=== Data extracts ===

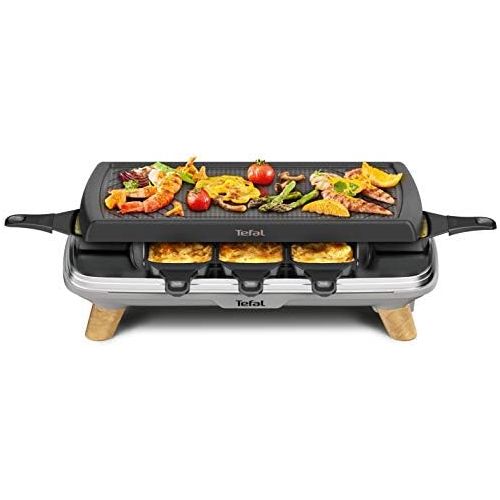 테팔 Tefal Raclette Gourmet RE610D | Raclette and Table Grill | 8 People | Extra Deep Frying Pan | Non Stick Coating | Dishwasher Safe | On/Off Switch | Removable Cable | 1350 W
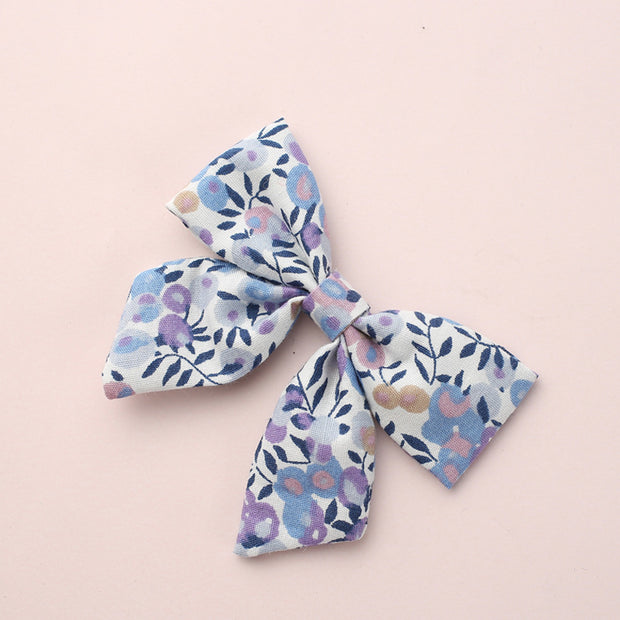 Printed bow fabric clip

===
=== Data extracts ===

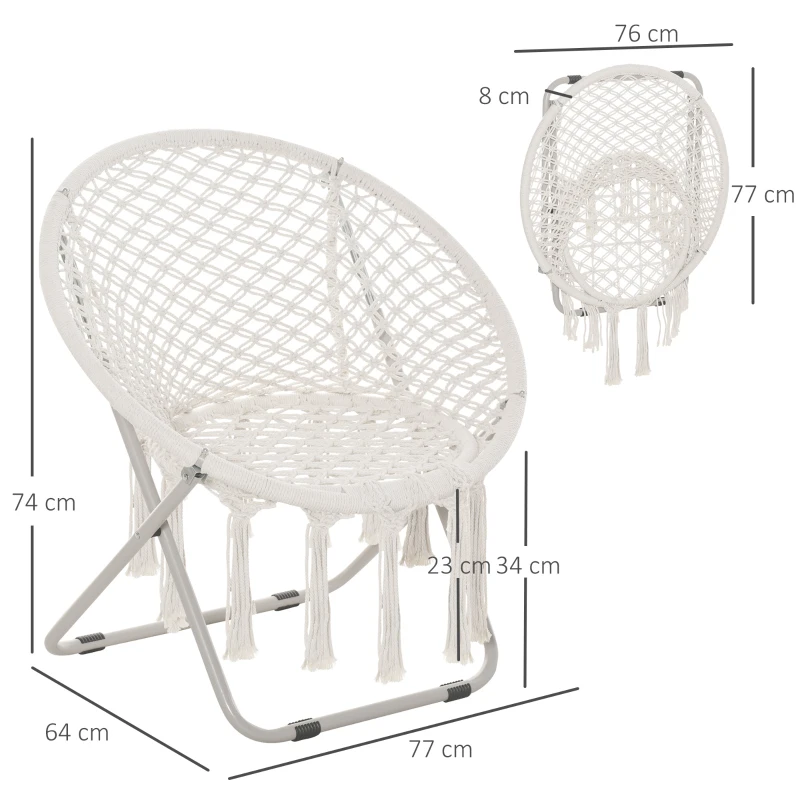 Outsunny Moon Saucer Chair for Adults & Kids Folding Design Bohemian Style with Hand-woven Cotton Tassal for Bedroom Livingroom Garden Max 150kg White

===

## Prompt
Starting at the line containing "테팔 Tefal Raclette" and finishing at the line containing "Printed bow fabric clip", return those lines exactly as they appear above, without the pictures.

## Written response
 테팔 Tefal Raclette Gourmet RE610D | Raclette and Table Grill | 8 People | Extra Deep Frying Pan | Non Stick Coating | Dishwasher Safe | On/Off Switch | Removable Cable | 1350 W
 Printed bow fabric clip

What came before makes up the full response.